Extracted records:
========================================================================
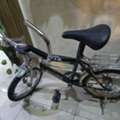 SAR 130,  BICYCLE 14 Inch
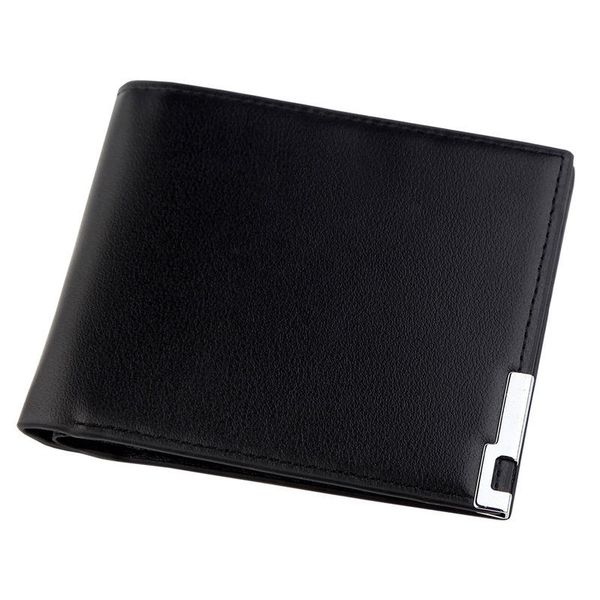 wallets 2021 ultra-thin short sequined men with coin bag black purse wallet male small money dollar slim card case carteira, Red;black
wallets 2021 ultra-thin short sequined men with coin bag black purse wallet male small money dollar slim card case carteira, Red;black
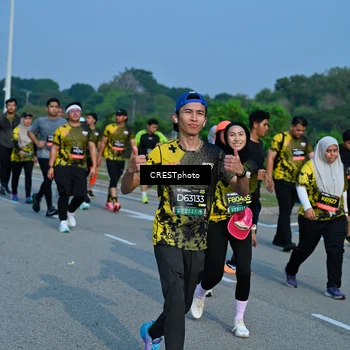 Runner Photo 6676264
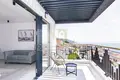 Villa de 5 habitaciones  Okrug Gornji, Croacia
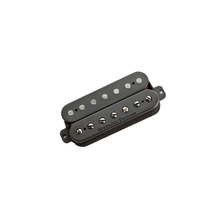 Seymour Duncan Nazgul\Sentient Black Humbucker Set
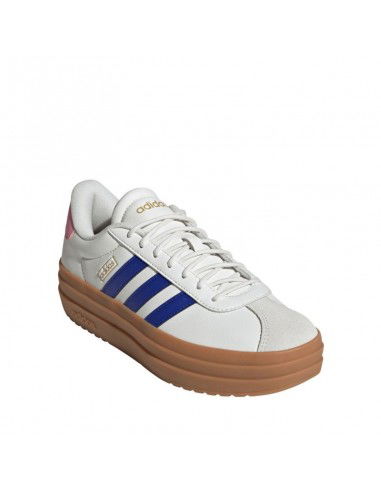 Adidas VL Court Bold W shoes JQ5643 Adidas VL Court Bold W shoes JQ5643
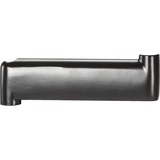 Chief KSA1003B Extension Arm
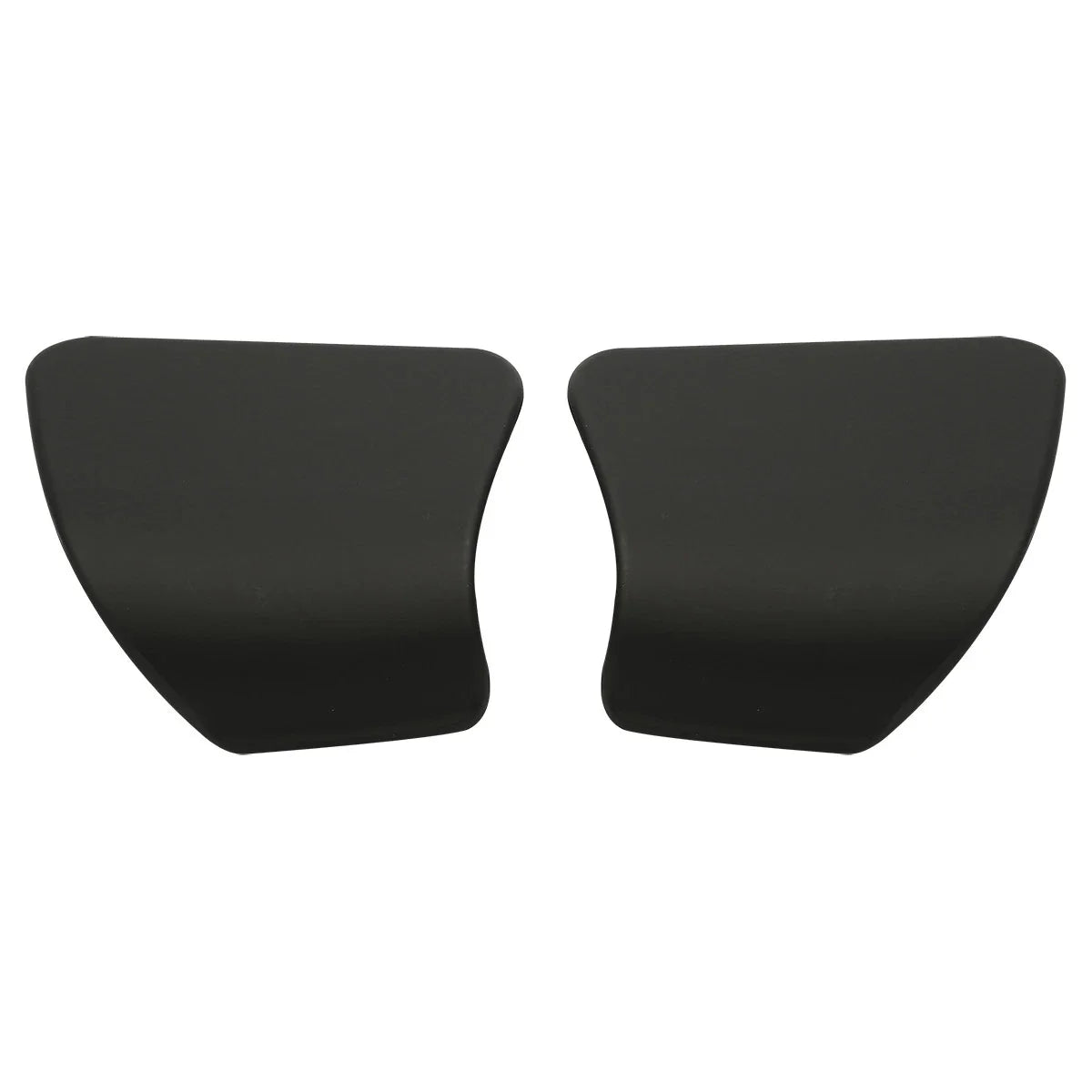 Inner Fairing Glove Box Door Cover for Harley Touring Road Glide (2015–2023)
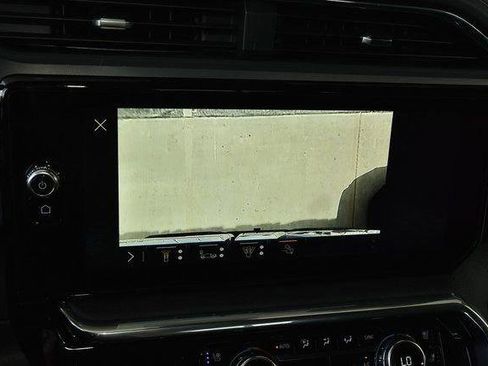 Used 2024 GMC Sierra 1500 Denali w/ Technology Package AWD/4WD image 50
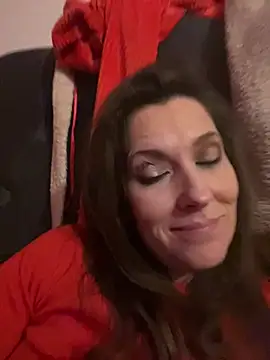 Lwhite1 online show from 6, 3, 2025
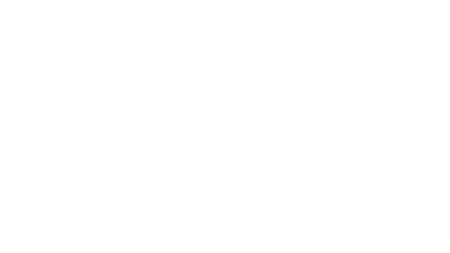 ALTION Tonovit Senior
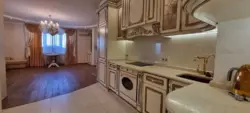   , , , 25  1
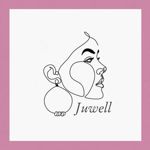 Juwell_store - Livemaster - handmade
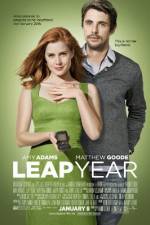 Watch Leap Year Zmovie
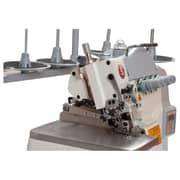 Singer Sewing Machine 351G-251M-35EA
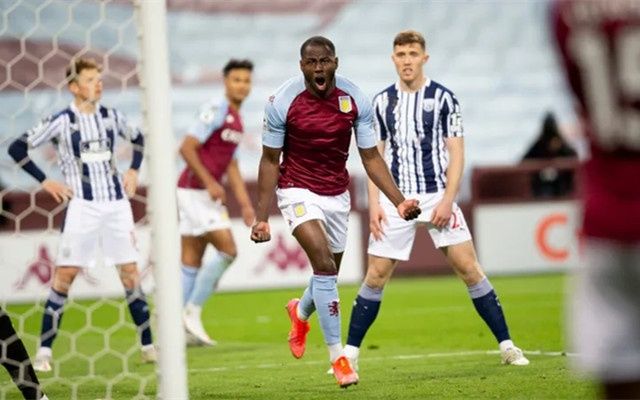 或4外1内 或4外1内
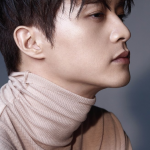 Kim Ji Hoon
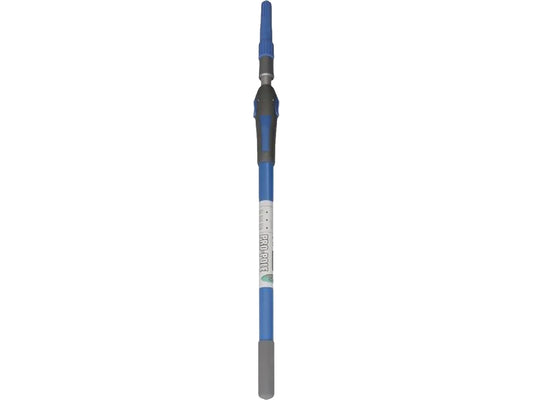 Axus Extension Pole Short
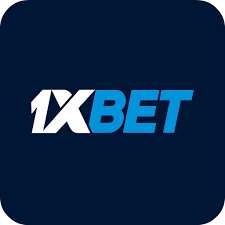 Explore the 1xbet Spain Official Site Your Gateway to Online Betting Explore the 1xbet Spain Official Site Your Gateway to Online Betting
========================================================================
### Task description
Please copy exactly, and only, the lines from the one that contains "Runner Photo 6676264" through the last line of the data above, omitting all pictures.

### Exercise answer
 Runner Photo 6676264
 Villa de 5 habitaciones  Okrug Gornji, Croacia
 Seymour Duncan Nazgul\Sentient Black Humbucker Set
 Adidas VL Court Bold W shoes JQ5643 Adidas VL Court Bold W shoes JQ5643
 Chief KSA1003B Extension Arm
 Inner Fairing Glove Box Door Cover for Harley Touring Road Glide (2015–2023)
 Used 2024 GMC Sierra 1500 Denali w/ Technology Package AWD/4WD image 50
 Lwhite1 online show from 6, 3, 2025
 ALTION Tonovit Senior
   , , , 25  1
 Juwell_store - Livemaster - handmade
 Watch Leap Year Zmovie
 Singer Sewing Machine 351G-251M-35EA
 或4外1内 或4外1内
 Kim Ji Hoon
 Axus Extension Pole Short
 Explore the 1xbet Spain Official Site Your Gateway to Online Betting Explore the 1xbet Spain Official Site Your Gateway to Online Betting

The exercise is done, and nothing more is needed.